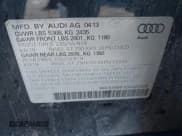 ✅ 2013 Audi Q5 Premium Plus • VIN: WA1LFAFP1DA083955 • Lot: 41326586. Listed on IAAI with Not provided. Free auction sales archive from the USA and detailed vehicle history report at DreamBid. Image 9.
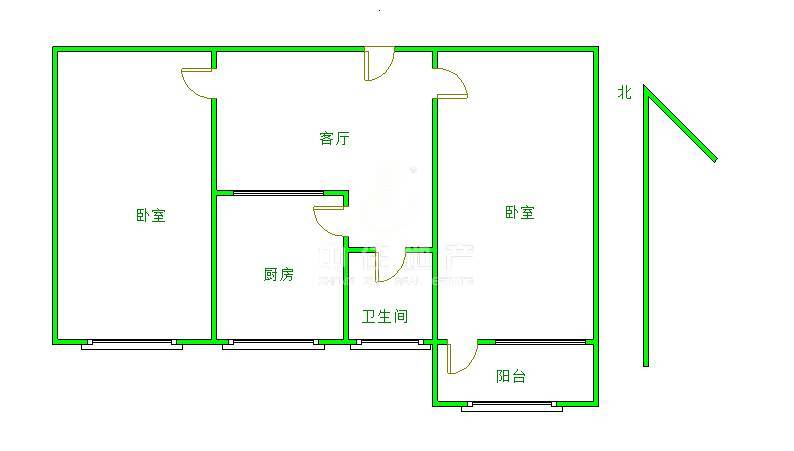 
							舜玉小区北区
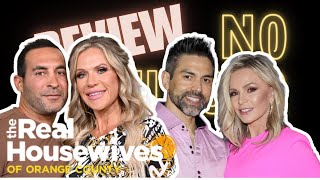 Tamra vs Ryan Tamra served  RHOC Real Housewives of Orange County S18 E12 Review [upl. by Yoccm]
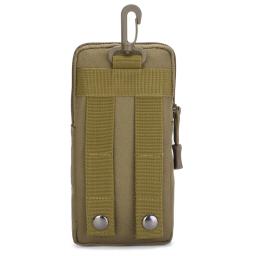 Portador tático de garrafa de água, Bolsa Molle ao ar livre, Travel Hiking Bag, Suporte de garrafa de água com cordão - Image 2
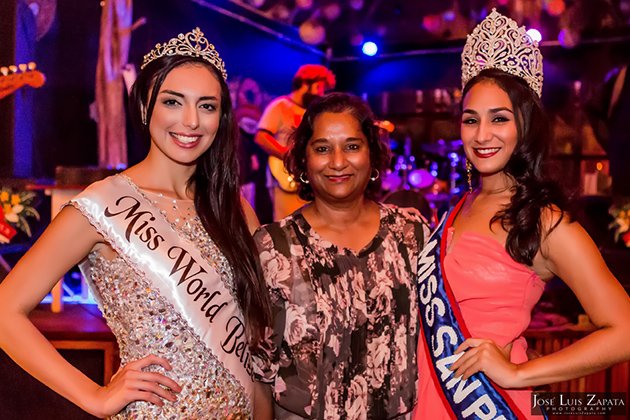 Raquel Badillo Officially Crowned Miss World Belize Raquel Badillo Officially Crowned Miss World Belize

########################################

◆ TASK INSTRUCTIONS ◆
Set down all the entries exactly as they appear, but skip any pictures.

◆ EXPECTED ANSWER ◆
 ✅ 2013 Audi Q5 Premium Plus • VIN: WA1LFAFP1DA083955 • Lot: 41326586. Listed on IAAI with Not provided. Free auction sales archive from the USA and detailed vehicle history report at DreamBid. Image 9.
							舜玉小区北区
 Tamra vs Ryan Tamra served  RHOC Real Housewives of Orange County S18 E12 Review [upl. by Yoccm]
 Portador tático de garrafa de água, Bolsa Molle ao ar livre, Travel Hiking Bag, Suporte de garrafa de água com cordão - Image 2
 Raquel Badillo Officially Crowned Miss World Belize Raquel Badillo Officially Crowned Miss World Belize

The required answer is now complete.